Congrats on your sobriety. I have almost 4 years. I hear you on the journal thing. I cant even tell you the amounts of $$ I have spent on pens, special notebooks, gold-leaf pages...only to have them collect dust. I look forward to hearing other people's suggestions too.

Pilgrim
08-01-16, 08:43 PM
One thing about the journal lay thing that I dint like was forgetting things that would come to me at different times of the day.

I always carry my book around with me.

stef
08-02-16, 09:47 AM
I used to do a lot of writing in journals through college and then off and on;
at some point I started buying agendas every year (I really didnt have a ton of appointments or anything, but it seemed like a good idea...)
but then instead of noting things to do I ended up writing what had happened on the days. which i ended up noting in small notebooks finally as i never used agendas.

I pretty much stopped that for almost a year and then the other day I saw this businessman type writing and then i saw it was actually a journal, he wasnt drafting a document or something and i realized i'd missed that so I bought a really lovely notebook to use when i have time and i found a little marble covered composition notebook i had bought ages ago at walgreens, that i now keep in my purse if anyting strikes me. I used to write before coming in to work but now i have coffee with people (seriously its like the french version of Cheers).

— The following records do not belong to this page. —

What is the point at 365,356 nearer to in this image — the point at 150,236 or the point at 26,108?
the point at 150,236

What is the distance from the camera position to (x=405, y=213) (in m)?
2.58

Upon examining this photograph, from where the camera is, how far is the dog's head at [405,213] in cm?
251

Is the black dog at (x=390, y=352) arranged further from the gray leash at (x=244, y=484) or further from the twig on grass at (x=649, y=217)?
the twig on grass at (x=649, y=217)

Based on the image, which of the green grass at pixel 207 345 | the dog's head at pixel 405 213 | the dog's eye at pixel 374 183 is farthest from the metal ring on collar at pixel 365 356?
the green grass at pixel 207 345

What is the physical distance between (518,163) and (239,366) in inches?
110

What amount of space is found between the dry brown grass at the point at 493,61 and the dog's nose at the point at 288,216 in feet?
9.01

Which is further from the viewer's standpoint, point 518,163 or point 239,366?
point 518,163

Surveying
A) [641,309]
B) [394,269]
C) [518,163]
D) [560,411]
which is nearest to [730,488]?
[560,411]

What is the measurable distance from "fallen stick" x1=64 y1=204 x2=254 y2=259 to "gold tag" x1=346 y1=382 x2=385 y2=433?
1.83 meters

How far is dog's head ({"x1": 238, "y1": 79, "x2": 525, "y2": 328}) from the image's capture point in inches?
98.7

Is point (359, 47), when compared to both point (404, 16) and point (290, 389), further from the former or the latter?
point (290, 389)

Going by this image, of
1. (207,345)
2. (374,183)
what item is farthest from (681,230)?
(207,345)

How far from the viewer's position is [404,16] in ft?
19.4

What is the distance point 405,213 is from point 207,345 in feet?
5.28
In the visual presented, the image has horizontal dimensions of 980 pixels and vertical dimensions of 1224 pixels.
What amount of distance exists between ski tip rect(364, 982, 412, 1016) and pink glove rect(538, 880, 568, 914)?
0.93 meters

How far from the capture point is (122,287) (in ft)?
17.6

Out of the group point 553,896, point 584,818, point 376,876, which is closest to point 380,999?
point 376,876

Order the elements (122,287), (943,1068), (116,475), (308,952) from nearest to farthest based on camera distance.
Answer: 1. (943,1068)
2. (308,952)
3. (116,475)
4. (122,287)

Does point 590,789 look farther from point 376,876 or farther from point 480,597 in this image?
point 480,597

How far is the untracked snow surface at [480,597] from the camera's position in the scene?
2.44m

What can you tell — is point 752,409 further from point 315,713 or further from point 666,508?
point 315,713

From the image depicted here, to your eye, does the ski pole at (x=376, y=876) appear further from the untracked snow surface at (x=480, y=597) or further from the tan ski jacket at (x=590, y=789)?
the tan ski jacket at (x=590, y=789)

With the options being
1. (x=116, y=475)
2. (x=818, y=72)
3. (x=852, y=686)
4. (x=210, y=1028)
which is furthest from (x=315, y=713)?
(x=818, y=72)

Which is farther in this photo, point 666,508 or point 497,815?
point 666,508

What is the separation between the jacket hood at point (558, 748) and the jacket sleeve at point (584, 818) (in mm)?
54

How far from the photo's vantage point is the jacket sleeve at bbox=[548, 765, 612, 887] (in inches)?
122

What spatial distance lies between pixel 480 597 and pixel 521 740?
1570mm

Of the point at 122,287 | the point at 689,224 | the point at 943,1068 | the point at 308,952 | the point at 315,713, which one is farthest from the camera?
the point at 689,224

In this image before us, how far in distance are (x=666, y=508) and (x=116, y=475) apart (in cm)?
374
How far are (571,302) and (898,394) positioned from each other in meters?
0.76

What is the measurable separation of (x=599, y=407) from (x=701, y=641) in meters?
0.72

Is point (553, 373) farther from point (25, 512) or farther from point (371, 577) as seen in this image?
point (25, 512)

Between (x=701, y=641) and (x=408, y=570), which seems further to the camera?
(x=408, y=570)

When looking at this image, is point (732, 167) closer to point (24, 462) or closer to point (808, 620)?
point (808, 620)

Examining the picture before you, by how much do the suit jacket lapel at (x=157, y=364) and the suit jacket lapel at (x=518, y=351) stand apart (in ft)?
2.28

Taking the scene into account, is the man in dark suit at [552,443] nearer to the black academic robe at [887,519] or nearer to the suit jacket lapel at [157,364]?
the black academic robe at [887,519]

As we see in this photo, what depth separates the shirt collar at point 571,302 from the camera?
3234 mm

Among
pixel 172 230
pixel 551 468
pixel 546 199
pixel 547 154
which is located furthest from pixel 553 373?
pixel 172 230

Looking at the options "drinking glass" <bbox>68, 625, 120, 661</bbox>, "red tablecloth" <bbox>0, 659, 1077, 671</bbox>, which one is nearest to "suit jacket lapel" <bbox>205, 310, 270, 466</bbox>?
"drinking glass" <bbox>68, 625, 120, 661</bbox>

omg i am jouirnaling now in the journaling thread sorry :)

Fuzzy12
08-02-16, 01:08 PM
I went through phases as a kid and teenager where I almost wrote daily in my journal. It was a huge support as I didn't really have anyone to talk about a lot of things that occupied my mind. It was like talking to my best friend. I stopped completely in my early twenties and never got back into it.

Now I just write on addf I guess. :scratch:

Maybe you could set aside a particular time every day (or once a week) where you sit down win a quiet and relaxing place with a nice cup of coffee and just let your thoughts run wild without trying to focus on any particular topic.